Eins steht fest: Wer zahlt, macht das nur in den seltensten Fällen publik. Zu groß ist die Angst vor Folgeangriffen – denn wer einmal zahlt, macht das wahrscheinlich auch ein weiteres Mal. Hinzu kommt die Problematik, dass Unternehmen, die der Lösegeldforderung nachkommen, zum Erfolg des Geschäftsmodells Ransomware beitragen, indem sie es (unfreiwillig) finanzieren. Doch auch die Unternehmen, die eine Lösegeldzahlung verweigern, gehen damit nur ungern an die Öffentlichkeit. Dabei wäre genau das der richtige Weg, um zu zeigen, dass niemand zu 100 Prozent sicher ist und um anderen die Möglichkeit zu geben, aus den eigenen Fehlern zu lernen. 

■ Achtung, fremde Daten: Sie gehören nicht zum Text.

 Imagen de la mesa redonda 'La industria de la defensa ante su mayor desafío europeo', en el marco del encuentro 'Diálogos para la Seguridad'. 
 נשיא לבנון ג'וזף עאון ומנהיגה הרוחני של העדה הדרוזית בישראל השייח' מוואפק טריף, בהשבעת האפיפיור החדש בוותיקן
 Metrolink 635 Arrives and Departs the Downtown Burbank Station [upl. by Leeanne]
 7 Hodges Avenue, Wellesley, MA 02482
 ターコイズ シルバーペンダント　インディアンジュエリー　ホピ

Angesicht der massiven wirtschaftlichen Schäden, die durch Ransomware verursacht werden, sichern sich immer mehr Unternehmen mittels so genannter Cyberversicherungen ab. Damit diese im K-Fall auch die Unterstützung bieten, die benötigt wird, sollten vorab zum einen die Versicherungsbedingungen und zum anderen der Zustand der unternehmenseigenen IT-Infrastrukturen genaustens geprüft werden.

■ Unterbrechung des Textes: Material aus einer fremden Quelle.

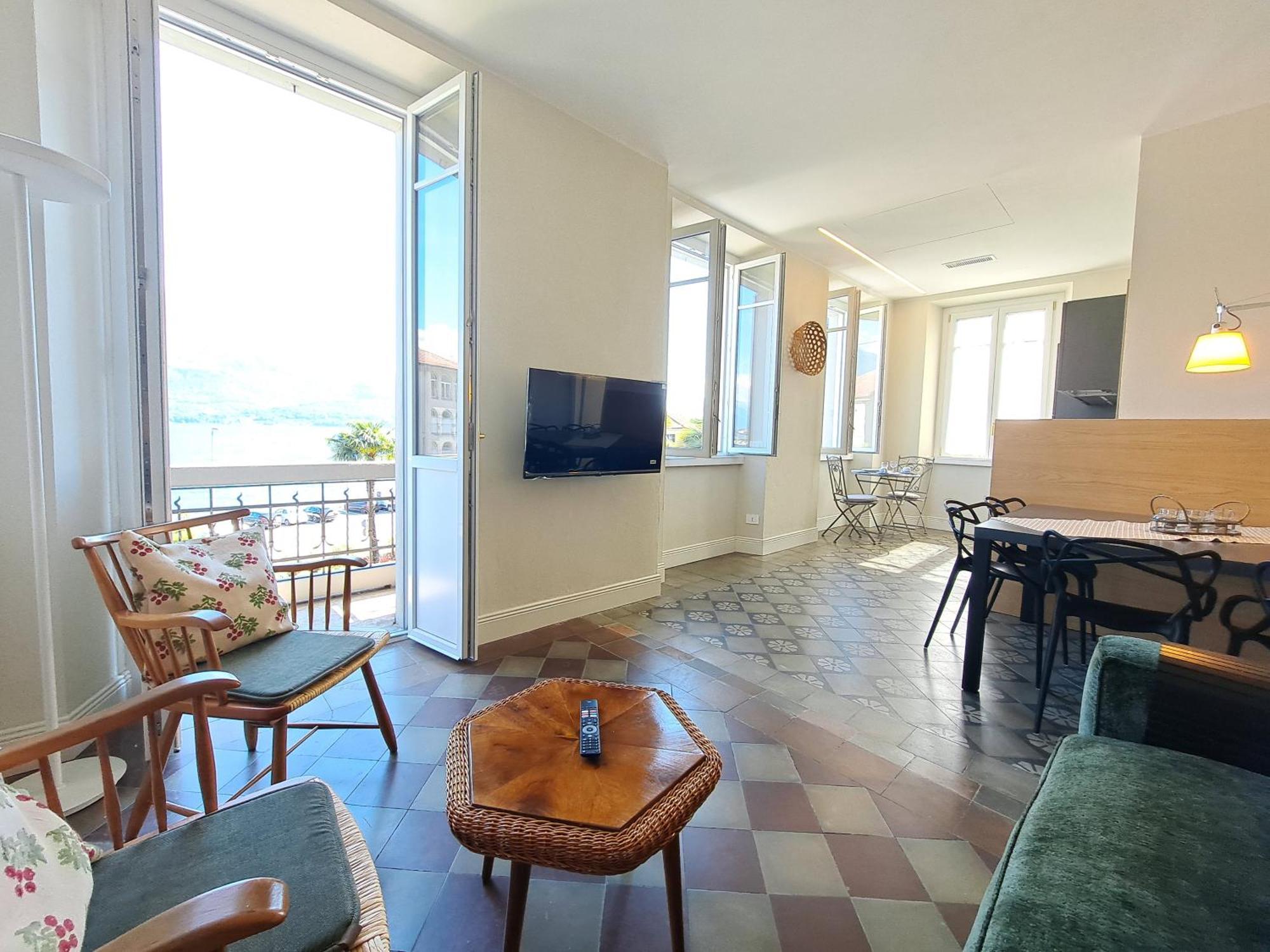 Immobillario - Domus Palmae Apartment Domaso Ngoại thất bức ảnh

Gerne beraten Sie die Experten von LEITWERK hierzu.

Beim Schutz vor Ransomware gilt: Mehr ist mehr! 

Bei LEITWERK weiß man, dass die Frage nicht lautet, ob, sondern wann ein Unternehmen gehackt wird. Wie eine Studie des Digitalverbands Bitkom zeigt, waren in den letzten beiden Jahren 9 von 10 Unternehmen (88 Prozent) von Cyberangriffen betroffen. Umso wichtiger ist es deshalb, die Eintrittsschwelle für Angreifer so hoch wie möglich zu legen. 

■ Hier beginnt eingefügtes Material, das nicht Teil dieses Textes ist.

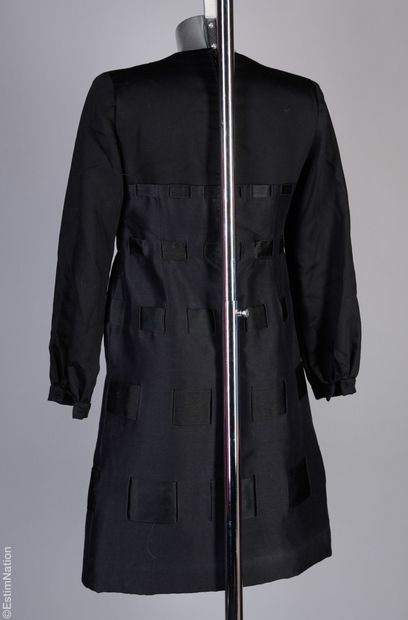 ANONYME VINTAGE
ROBE évasée en laine noire,...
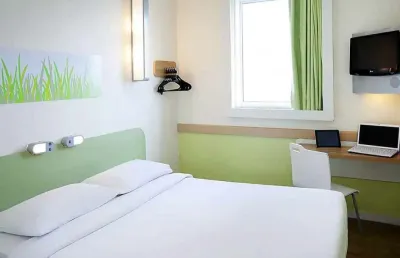 Flat ibis budget vitória disponível para venda com 12m²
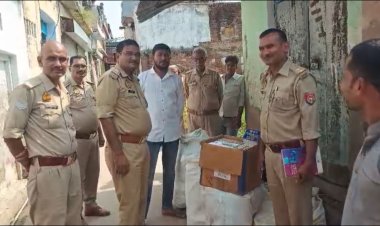 जूते की दुकान से भारी मात्रा में अवैध पटाखा बरामद,एक युवक हिरासत में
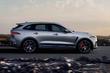 Pumped version of the premium crossover Jaguar F-Pace SVR photo 3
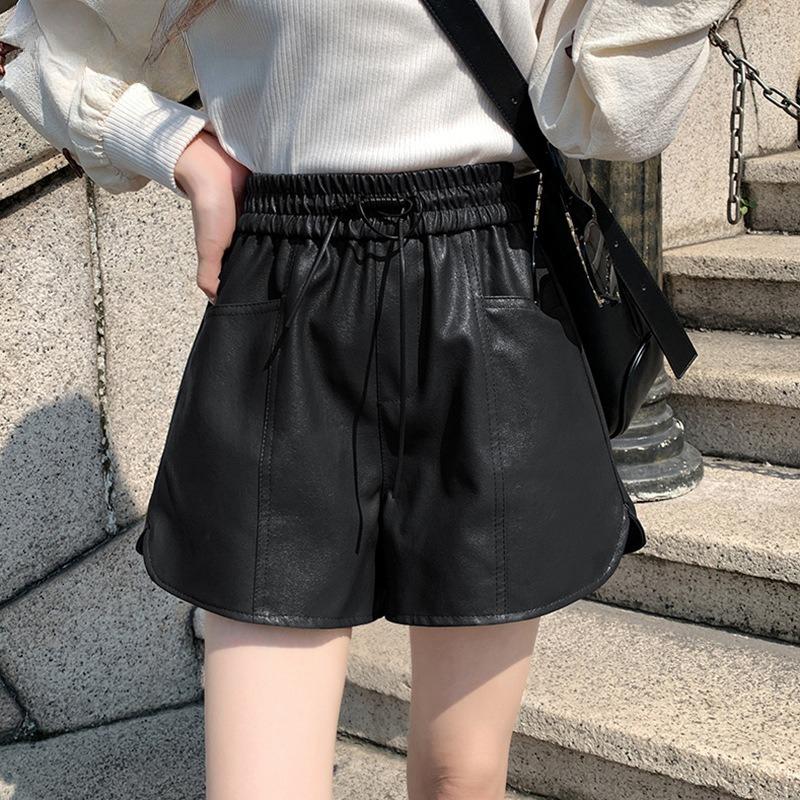 Women's Fall Winter Fashion PU Leather Wide Leg Shorts High Waisted Loose Casual Versatile A-Line Pants Mini Shorts Versatile Slim Fit Hot Pants
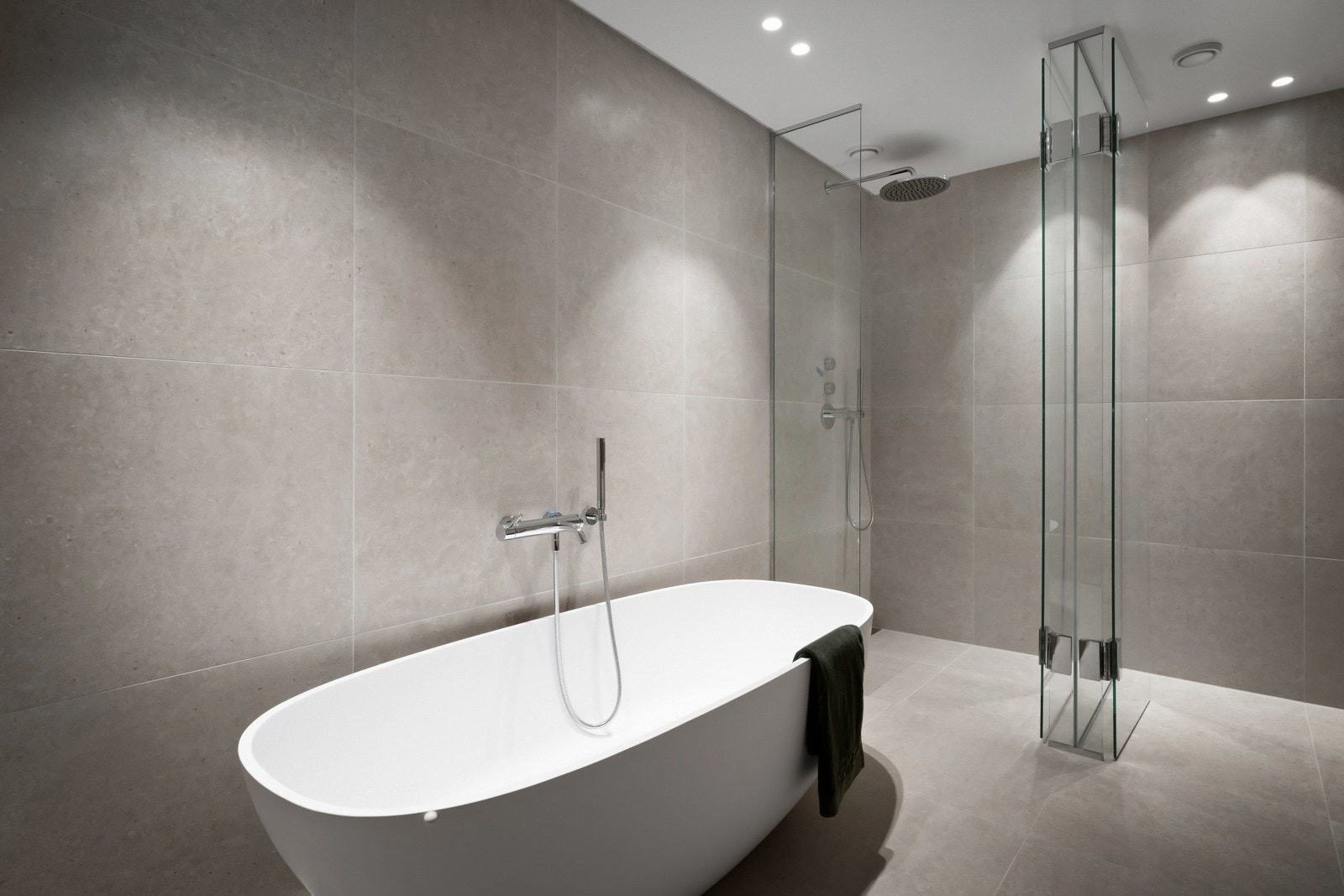 På dette badet er det egen nisje til dusj og til wc, mens et deilig badekar fra Jee-O Amsterdam er plassert i hoveddelen av rommet. Badene i begge etasjer og wc har toalett fra Catalano og armaturer i krom fra Dornbracht. Galleribilde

Zu den grundlegenden Dingen, die jedes Unternehmen in Sachen IT-Security beherzigen sollte, gehören: 

  • Zwei-Faktor-Authentisierung 
  • Patchmanagement 
  • Regelmäßige Sicherheitsscans 
  • Sensibilisierung der Mitarbeitenden 
  • Ein gutes Backup-Konzept 

Wenn es um die Sicherheit der IT geht, reicht es nicht aus, sich auf den Status Quo zu verlassen. Was heute noch sicher war, kann morgen schon ganz anders aussehen. Die Angriffe werden immer professioneller und zielen auf die unterschiedlichsten Unternehmenskomponenten ab. Neben den technischen Schutzmaßnahmen ist es deshalb ein absolutes MUSS, innerhalb des Unternehmens eine Awareness für die Risiken zu schaffen. Denn im Zusammenspiel mit einem proaktiven Patchmanagement sowie einer regelmäßigen Überprüfung der IT-Landschaft auf Angriffsmöglichkeiten von außen (z.B. mittels eines Vulnerability-Scans), trägt die Sensibilisierung der Mitarbeitenden maßgeblich zum Schutz gegen Cyberangriffe bei. 

Man darf das Geschäftsmodell Cybercrime nicht unterschätzen“, warnt Philipp Schmitt. „Die Täter werden immer professioneller und werben ihren Nachwuchs im Darknet mittlerweile mit Benefits wie Krankengeld und einem 13. Monatsgehalt an“. Der Experte für IT-Security rät Unternehmen jeder Größe dringend dazu, ihre IT-Security ernstzunehmen, sich mithilfe geeigneter Maßnahmen bestmöglich abzusichern und umfassend auf den Fall der Fälle vorzubereiten. 

„Immer wenn man denkt, man hat schon alles gesehen, wird man eines Besseren belehrt“, bringt er die Bedrohungslage durch Ransomware auf den Punkt.